# Mk3 number plate LED



## ttaudi2016 (Nov 14, 2018)

One of my number plate led is not working anymore. Does anyone know how to replace it?

Audi TT mk3 coupe


----------



## Lewis4681 (Nov 29, 2016)

The whole unit including boot release and both lights needs replacing, cant just replace the bulb.


----------



## brittan (May 18, 2007)

You will have to buy the complete number plate lights/boot handle unit.
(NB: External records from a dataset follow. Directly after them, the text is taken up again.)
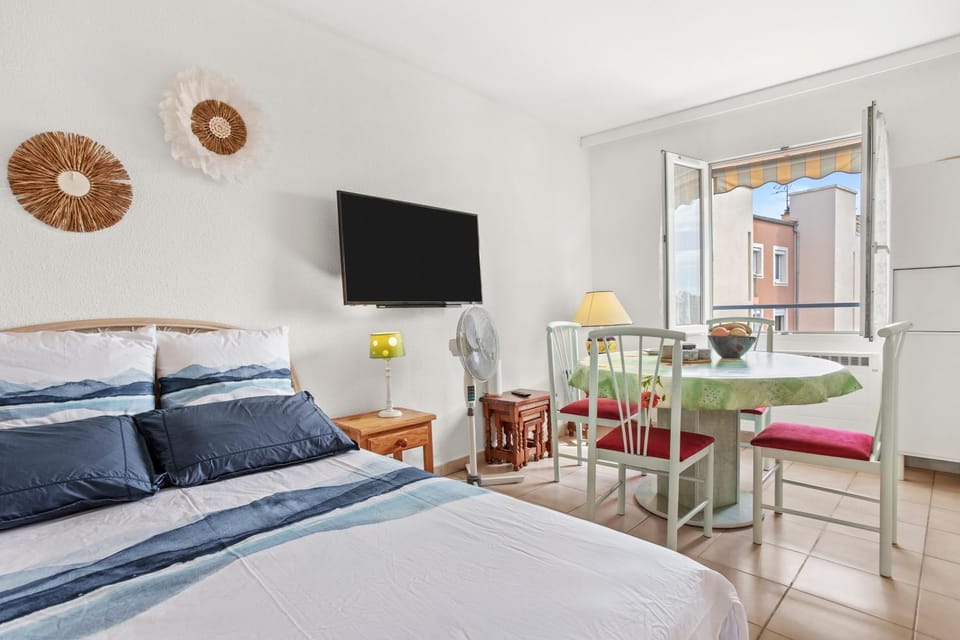 Property building, Living room, Bedroom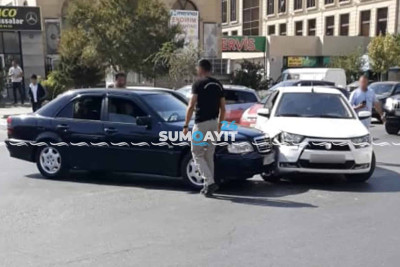 Dövlət qurumunun xidməti avtomobili qəzaya uğrayıb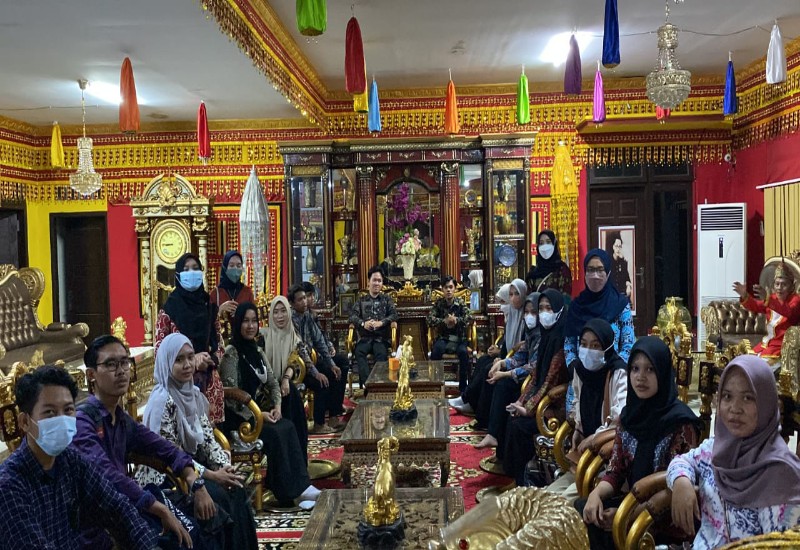  Komunitas Teras Pendidikan Inspiratif Kunjungan ke Lamban Gedung Kuning, Ike Edwin Sambut Baik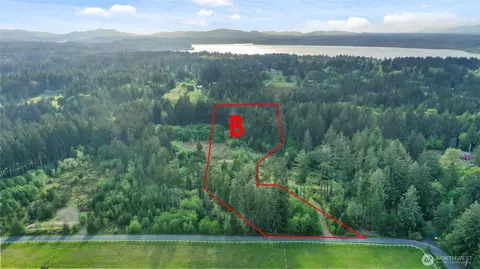 8505 Schirm Rd NW, Olympia, WA 98502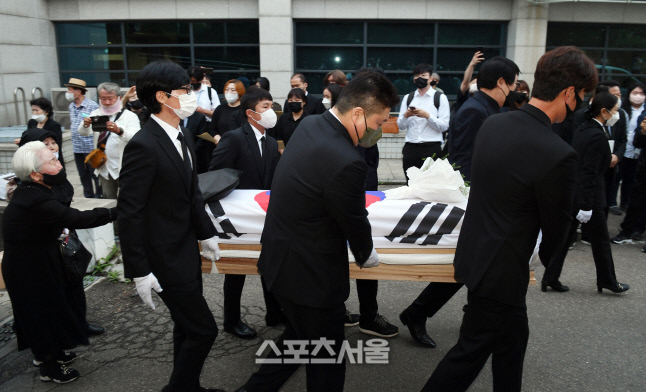 [포토]故 송해 발인, 운구 함께 하는 유재석-강호동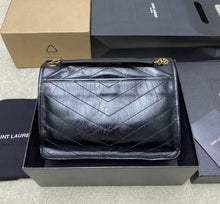 Load image into Gallery viewer, Niki Medium Chain Bag
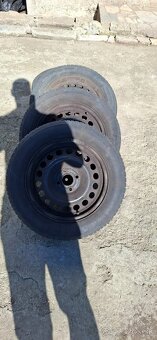 Disky a pneumatiky 4x100 195/60 R15 - 4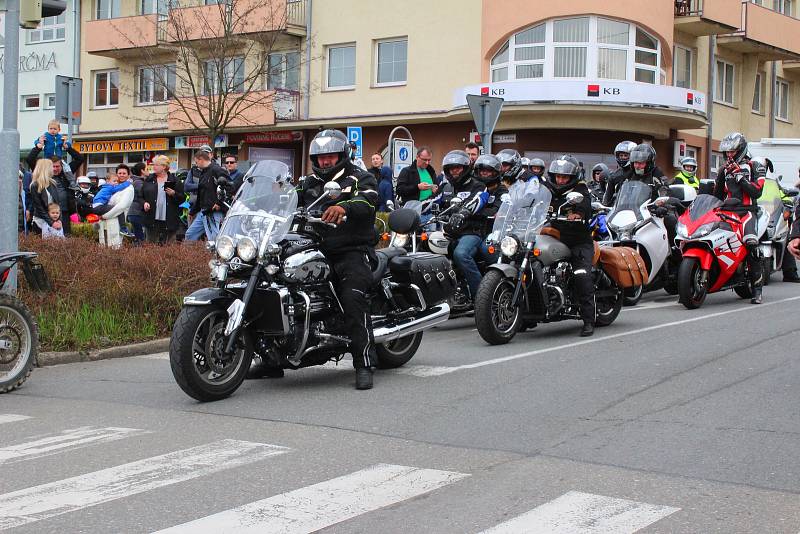 V sobotu 7. dubna 2018 se na náměstí v Otrokovicích konalo zahájení motorkářské sezony vyjížďkou MOTOBESIP - Restart.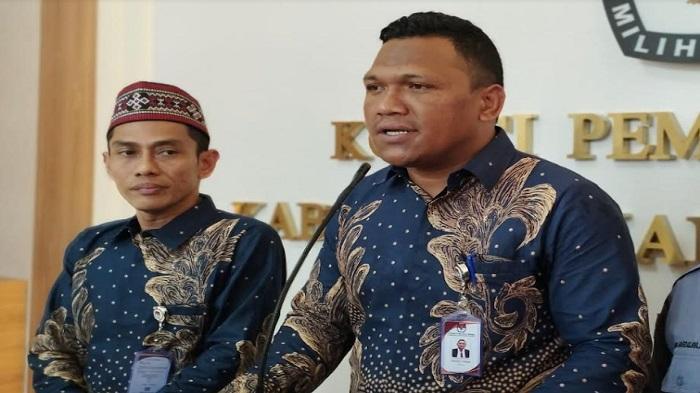 KPU Manggarai Barat Coret Empat Calon KPPS karena Ikut Kampanye Paslon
Part no. 8S0 827 574 assuming you don't have a rear view camera.


----------



## ReTTro fit (Nov 9, 2014)

I've fitted camera so I have the old complete unit spare if interested

Sent from my iPhone using Tapatalk


----------



## ttaudi2016 (Nov 14, 2018)

ReTTro fit said:


> I've fitted camera so I have the old complete unit spare if interested
> 
> Sent from my iPhone using Tapatalk


How much would you want for it and where are you located?


----------



## ReTTro fit (Nov 9, 2014)

One on eBay £68 plus £13 shipping

https://rover.ebay.com/rover/0/0/0?mpre ... 2334045334

How about half that ?
£40 posted

I'm in Leicestershire mate

Sent from my iPhone using Tapatalk


----------



## ttaudi2016 (Nov 14, 2018)

Do you know how to remove the holder?



ReTTro fit said:


> One on eBay £68 plus £13 shipping
> 
> https://rover.ebay.com/rover/0/0/0?mpre ... 2334045334
> 
> ...


----------